I primi cittadini di Budapest, Varsavia, Praga e Bratislava si sono incontrati nella capitale ungherese per chiedere a Bruxelles di stanziare fondi direttamente per i loro bilanci comunali, aggirando i governi nazionali, accusati di frode

ATTILA KISBENEDEK / AFP

Il populismo sovranista, con tutto quello che comporta, prima o poi, dovrà finire. Non subito, forse nemmeno presto, ma il suo ciclo, a un certo punto si esaurirà: prima o poi qualcosa, o qualcuno, o magari solo l’evidenza dei fatti, gratteranno via le bugie di argilla su cui si regge l’intero sistema, e ne faranno uscire l’essenza, violenta e vuota. Basta aspettare. E fino ad allora, osservare che qualcosa, poco e piano, si muove. Per esempio nelle quattro capitali degli stati del blocco di Visegrad, ossia Polonia, Ungheria, Repubblica Ceca e Slovacchia, che sono, a oggi forse i quattro Paesi più a destra dell’intera Europa. I loro quattro sindaci sono tutti stati eletti da partiti e gruppi di opposizioni al governo centrale e hanno tutti un programma europeista, verde e basato sull’integrazione e sui diritti civili.

Per questo, lo scorso lunedì, i quattro sindaci delle quattro capitali si sono incontrati a Budapest per dare vita a un ‘patto delle città libere’. Attorno a un tavolo, collocato in un luogo non casuale (l’ex campus della Open university di George Soros) c’erano il sindaco di Varsavia (Rafał Kazimierz Trzaskowsk, eletto con una piattaforma civica pro UE), quello di Budapest (il verde Gergely Karácsony), quello di Praga (il ‘pirata’ Zdeněk Hřib), e quello di Bratislava (l’indipendente Matúš Vallo). Si sono messi insime per provare ad arginare dall’interno la spinta illiberale, anti UE, e populista dei loro governi centrali: «Se uno di noi verrà messo a tacere, ci saranno gli altri», hanno detto.

«Il populismo non può conquistare le città», ha confermato ai giornalisti il sindaco ambientalista e anti-Orban di Budapest. «Oggi le quattro capitali formano un’alleanza contro i regimi populisti nazionalisti che soffocano le democrazie della regione.
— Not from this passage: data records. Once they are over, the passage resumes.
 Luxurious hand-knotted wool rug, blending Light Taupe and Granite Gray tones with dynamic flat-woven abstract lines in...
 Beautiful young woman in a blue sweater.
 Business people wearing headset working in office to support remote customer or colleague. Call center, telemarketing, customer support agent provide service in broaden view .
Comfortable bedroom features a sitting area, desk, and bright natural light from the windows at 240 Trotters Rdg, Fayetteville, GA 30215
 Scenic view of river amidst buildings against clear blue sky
Possiamo essere le teste di ponte a partire dalle quali è possibile aggiustare le democrazie in crisi. Le città sono un dito nell’occhio del populismo , per questo ci detestano tanto: perché siamo e resteranno aperti, progressisti, tolleranti e soprattutto europei». Che sia vero o no, che rimanga vero o no, i quattro sindaci delle quattro capitali hanno le idee chiare: vogliono liberare i loro paesi (e magari anche il resto d’Europa) dal populismo sovranista e «lavorare insieme per difendere un elettorato urbano pro-UE che si oppone ai governi nazionali conservatori«». Certo, occorre capire come fare, e come, alle parole, far seguire i fatti.
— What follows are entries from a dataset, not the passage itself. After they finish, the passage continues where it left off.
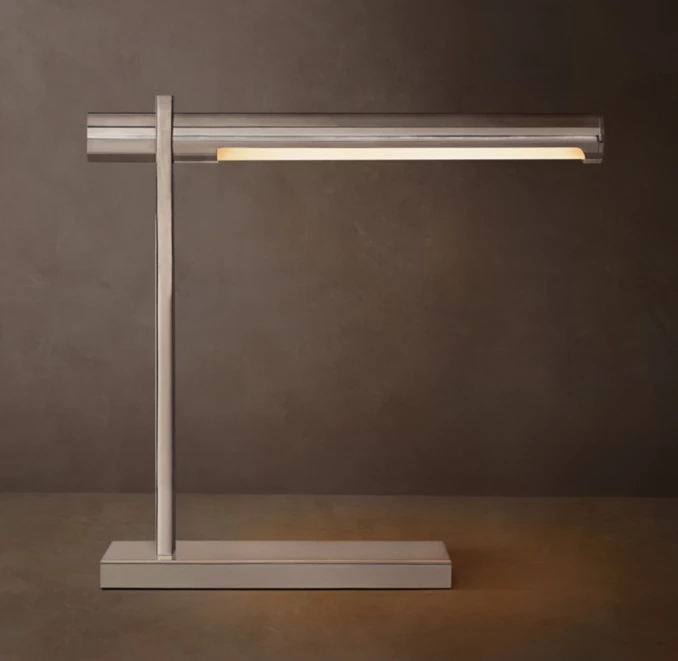 Modern brass table lamp with sleek design and adjustable arm.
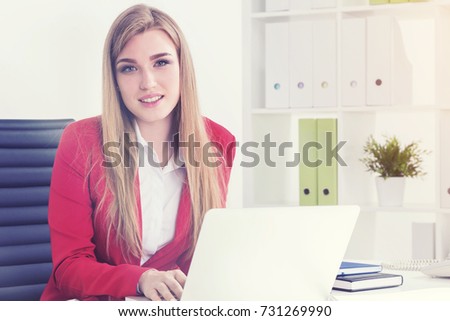 Beautiful young businesswoman wearing a red jacket is sitting in her office near a laptop. Toned image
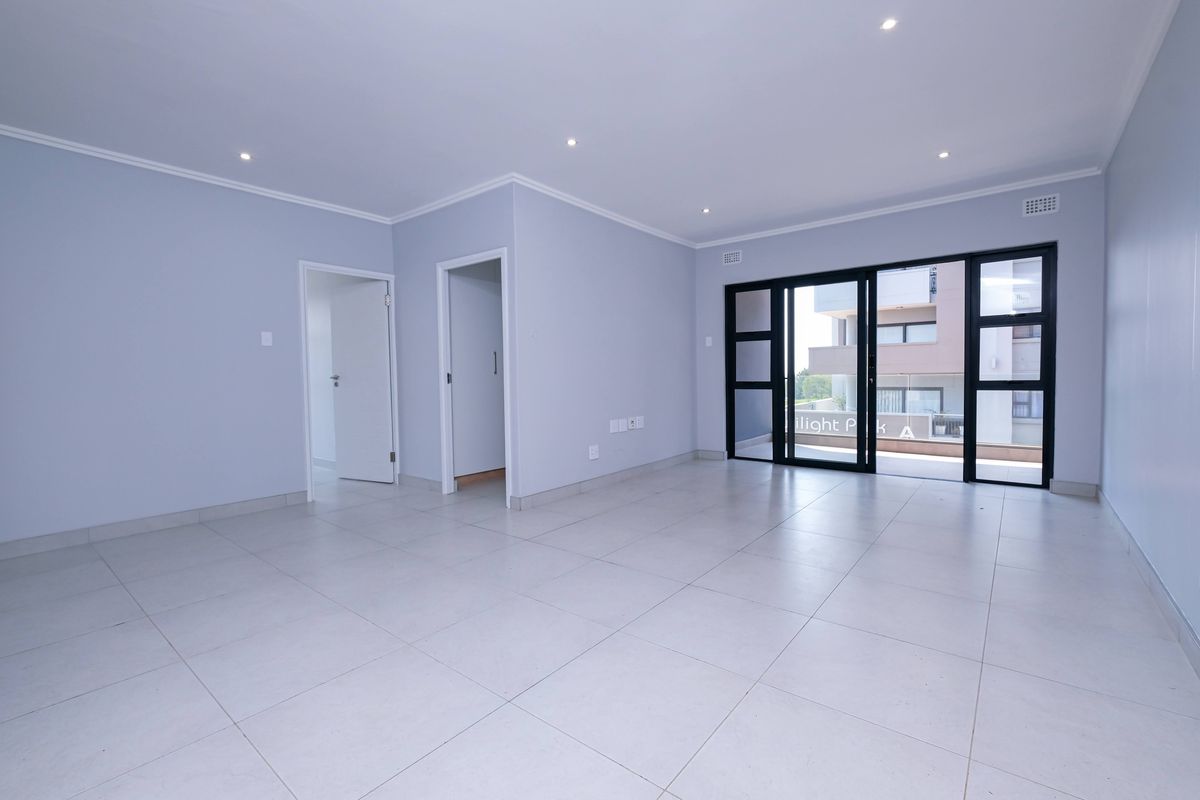 A bright, spacious, and empty living area featuring neutral tiled flooring, recessed lighting, and large sliding glass doors leading to an outdoor balcony.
La loro ricetta, per ora, ruota tutta attorno all’idea delle città, come fossero uno stato nello stato. E ovvio, attorno a un aiuto concreto da Bruxelles, senza il quale le armi dei quattro sindaci e dei loro elettori gentrificati rischiano di essere spuntate. E “aiuto concreto”, in politica, significa soprattutto una cosa: “denaro”. Per questo i quattro hanno invitato Bruxelles a stanziare fondi direttamente per i loro bilanci comunali, aggirando i governi nazionali, accusati di erogazione corrotta e politicizzata dei fondi Ue.

I sindaci, nel loro patto, chiedono «soluzioni su misura per le città, in settori come l’ambiente, l’occupazione e l’economia». Una specie di sovranismo nel sovranismo, nel quale i sindaci delle capitali immaginano di fare da soli, senza i loro stati: «Vogliamo lottare per l’accesso diretto al denaro europeo perché siamo i motori diretti della crescita nei nostri paesi», ha detto il sindaco di Varsavia Rafal Trzaskowski. «Abbiamo governi difficili ma siamo fortemente impegnati nei valori europei, nella democrazia, nell’apertura e nella libertà. Abbiamo combattuto tutti per l’inclusività delle nostre città. In questi giorni difficili in cui alcuni dei nostri governi stanno diventando tiepidi verso l’integrazione europea, le città sono le isole che proteggono valori di integrazione, libertà, dignità umana, democrazia, uguaglianza, stato di diritto, giustizia sociale, tolleranza e diversità culturale nei nostri paesi dall’attacco potere centralizzato». L’agenzia di stampa ungherese MTI, finanziata dallo stato, non ha riferito sul vertice.